= Omar Al Busaidy =

Emirati businessman and writer

Omar Al Busaidy (born 1986) is an Emirati businessman and writer. He is the author of book, Just Read It, and is the founder of Global Possibilities Consulting.

==Early life and education==
Al Busaidy was born in Dubai, United Arab Emirates. From an early age, he was interested in writing poetry.

Al Busaidy obtained a bachelor's degree from the American University in Dubai and a master's degree in international affairs and intelligence from Florida State University as a Fulbright scholar.

==Career==
During his career, he has held positions at Emirates NBD, the British Embassy - UAE, Dubai Chamber, Department of Municipalities and Transport - Abu Dhabi, the Department of Culture and Tourism in Abu Dhabi, and worked as a producer and radio host for Pulse 95 Radio.

Al Busaidy is a non-resident fellow at Trends Research & Advisory, a think tank in the UAE. Al Busaidy was previously a Global Shaper, an initiative of the World Economic Forum, and has participated in the U.S. State Department's International Visitor Leadership Program (IVLP).

In 2015, his book, Just Read It, was published which has been translated into multiple languages including Arabic and Persian.
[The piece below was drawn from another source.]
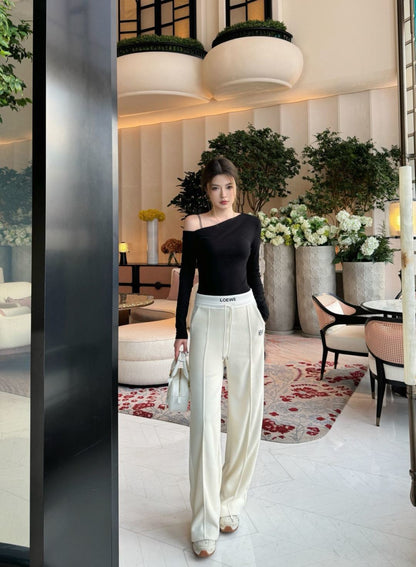 Loe NEW casual pants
In 2022, Al Busaidy was also featured in Innovation to the Core: Stories from China and the World and co-authored Agile Government: Emerging Perspectives in Public Management.

Starting in 2018, Al Busaidy hosted The Morning Majlis with Sally Mousa and Sara Al Madani. Due to the success of the show, Al Busaidy later started his own radio show, Future Talk, in which he discusses the concept of futurism across a variety of global sectors.